On-line version ISSN 1996-7489
Print version ISSN 0038-2353
S. Afr. j. sci. vol.111 n.11-12 Pretoria Nov./Dec. 2015
Nico CloeteI, II, III
ICentre for Higher Education Trust, Cape Town, South Africa
IIDepartment of Education, University of Oslo, Oslo, Norway
IIIDST-NRF Centre of Excellence in Scientometrics and Science, Technology and Innovation Policy, Stellenbosch University, Stellenbosch, South Africa
Keywords: doctoral education; research intensive universities; differentiated doctoral production; knowledge economy
Although the matter still is contested, there is growing agreement amongst national policymakers and other socioeconomic actors that the university is a driver for economic growth and development. This belief has to do with the role of the university in producing a highly-skilled and competent labour force, and in producing new knowledge. Both contributions are essential to the building of innovation and development for a national economy that aspires to be globally competitive. Both come together in the doctorate. There is also increasing recognition that research-intensive universities in low- and middle-income countries have an indispensable role to play in a differentiated academic system that can respond to the diverse requirements of contemporary development.1
According to Altbach2, a differentiated academic system is needed for research-intensive universities to flourish:
The fact is that few if any developing countries have a differentiated academic system in place; and this central organisational requirement remains a key task..These institutions must be clearly identified and supported. There must be arrangements so that the number of research universities will be sufficiently limited so that funding is available for them and that other resources, such as well-qualified academics, are not spread too thinly.

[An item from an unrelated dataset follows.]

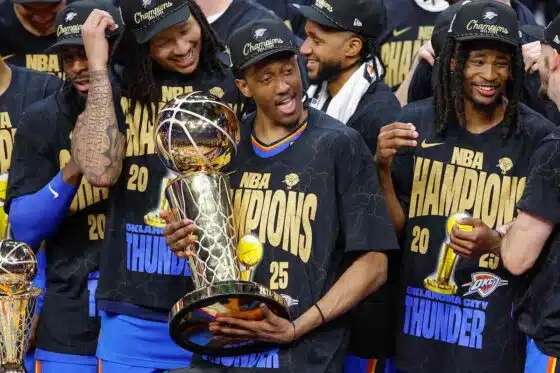 Jalen Williams NBA championship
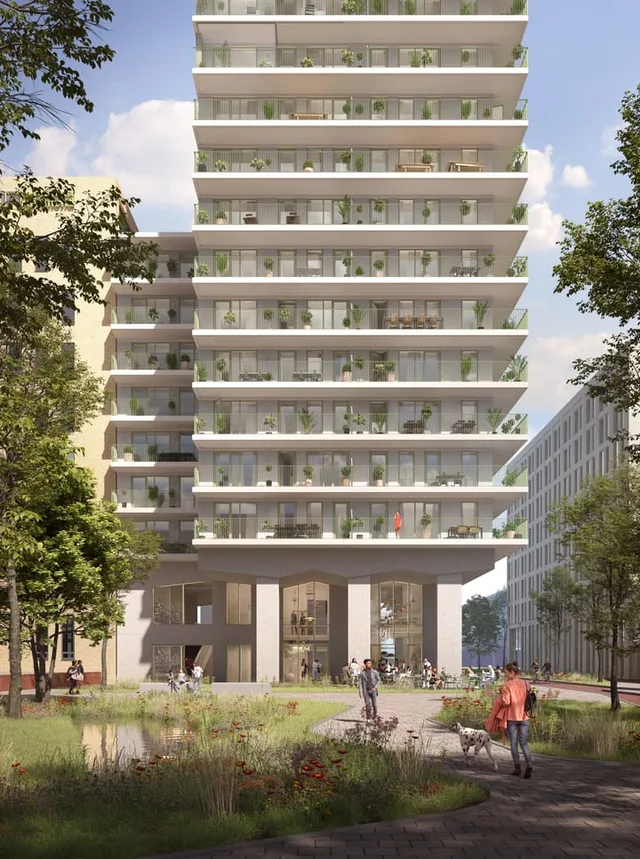 Joost van der Grintenplein 85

But as Altbach points out, research universities with strong doctoral programmes usually constitute a relatively small percentage of the higher education sector. In the USA, it is about 5% (220 research universities in a system of more than 4000 post-secondary institutions); in the UK, 15% (15 research universities amongst 100 universities); and in China, 3% (100 research universities out of more than 3000 institutions countrywide). In many developing countries there is often only one research university, and too many countries have none.2
A key component of a research-intensive university is a strong doctoral programme. Within the developed countries, with high doctoral production integral to their knowledge economy, there is a debate about whether an increase in doctoral graduates is required, and about what kind of contribution (research skills, innovation capacity, or something else) a doctorate makes to their knowledge economies. In sharp contrast, there are a range of developing countries, like Brazil and Mexico in Latin America, and China, Malaysia and Singapore in East Asia, where higher education, and specifically the doctorate, is seen as a development driver towards becoming a knowledge economy. These countries have invested massively in the expansion of doctoral programmes.3
In South Africa, the state, through its various bodies like the Department of Higher Education and Training (DHET), the Department of Science and Technology (DST) and the National Research Foundation (NRF), has responded to a knowledge economy discourse, even if the real economy is still mired in a low-skill, mineral extraction, export-dominated model. In a surprise move, in 2012, the National Planning Commission (NPC) made the target, of increasing the percentage of academic staff with a doctorate from the 2010 level of 34% to 75% by 2030, their number one priority in the section on higher education in their final report. This target replaces student enrolments and throughput rates as number one priority.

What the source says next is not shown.